Multiple Myeloma Clinical Trial
Official title:
A Phase II Study of Reduced Intensity Double Umbilical Cord Blood Transplantation Using Fludarabine, Melphalan, and Low Dose Total Body Radiation
This trial will use two cord blood units for transplantation using a reduced intensity
regimen rather than using intense doses of chemotherapy and radiation therapy. Two cord blood
units (double cord blood) are being used, as the numbers of blood cells in one unit are too
few to allow successful growth of these cells.

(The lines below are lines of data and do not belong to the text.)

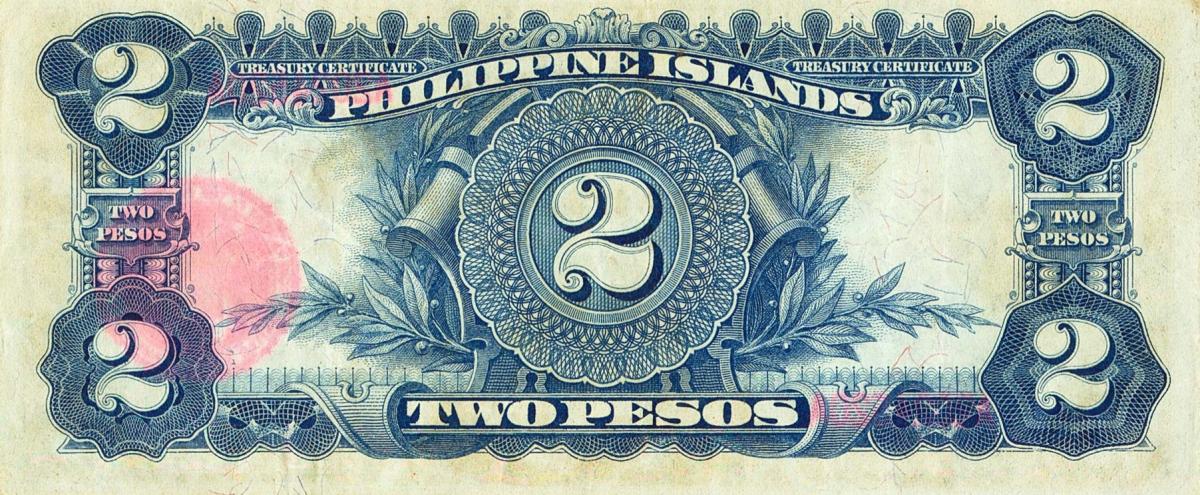 Back of Philippines p61a: 2 Pesos from 1918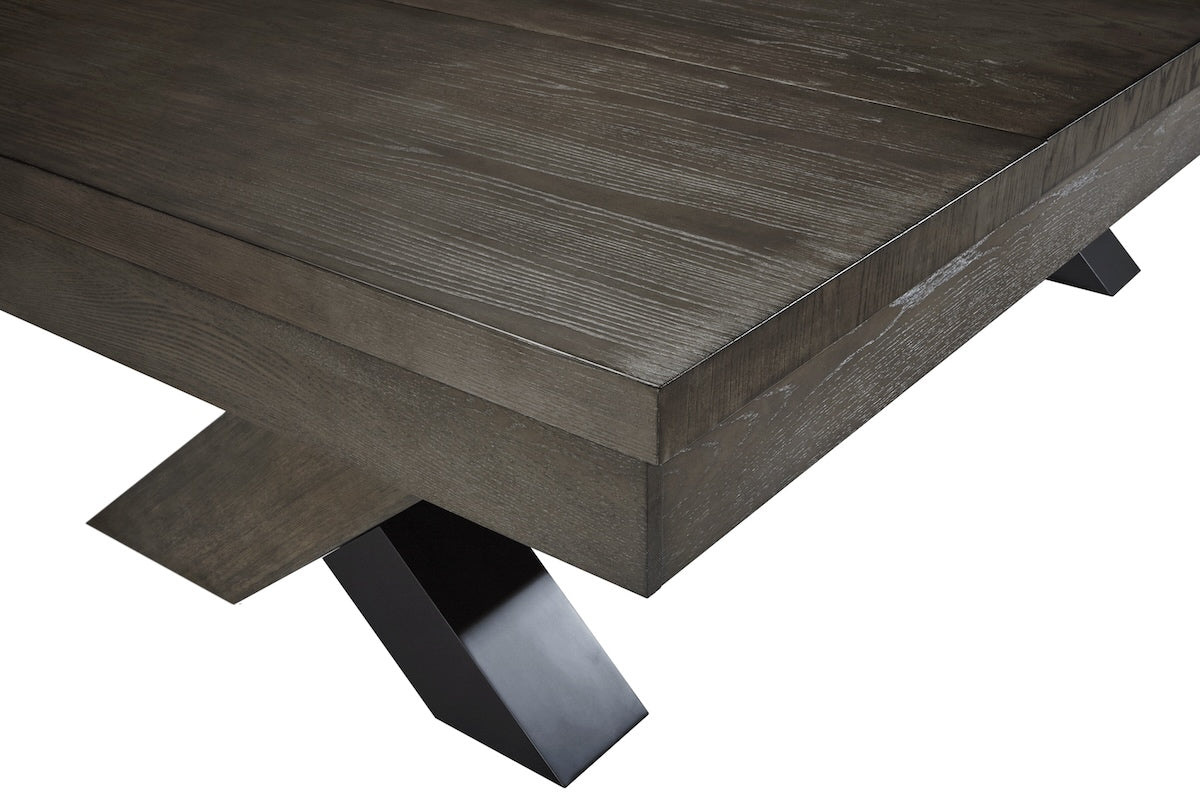 A close-up on the solid-wood dining top of the Halifax billiard table by American Heritage with a Charcoal finish.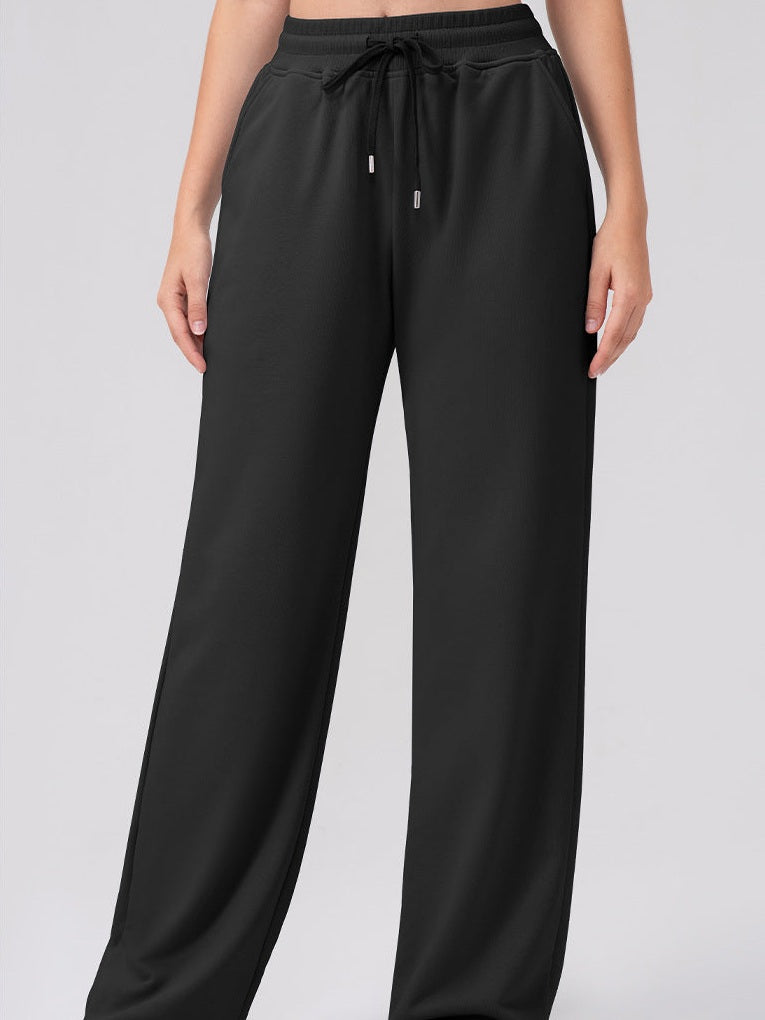 بنطال رياضي واسع الساق بخصر مرتفع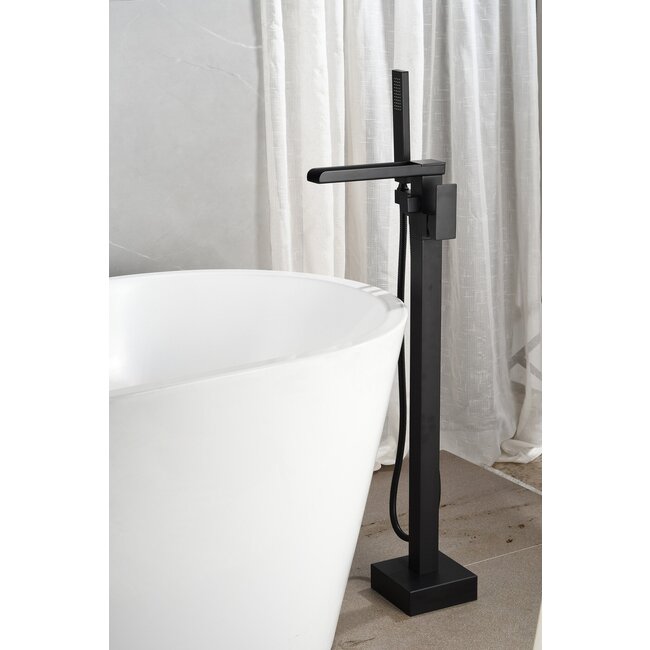 Nurion Mezclador independiente para bañera - incluye teleducha - negro mate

Because the risk of infection, particularly virus infection, is high after double cord blood
transplant, this study seeks to reduce the rise of virus infection by using a reduced
intensity regimen without a medicine called antithymocyte globulin (ATG), as used in prior
cord blood transplants. Subjects will receive two chemotherapy drugs, melphalan and
fludarabine, and low dose of total body radiation (one treatment) instead of the ATG. The
number of patients with virus infections in this study will be compared to our prior
experience using the ATG.
Subjects will receive their transplants as in-patients.
- IV-Catheter
- one or two IV catheters will be placed on the day of hospital admission
- Conditioning
- Fludarabine IV six days before transplant (days -7, -6, -5. -4, -3, -2)
- Melphalan IV (day -1)
- Total body radiation on day 0 (same day as transplant)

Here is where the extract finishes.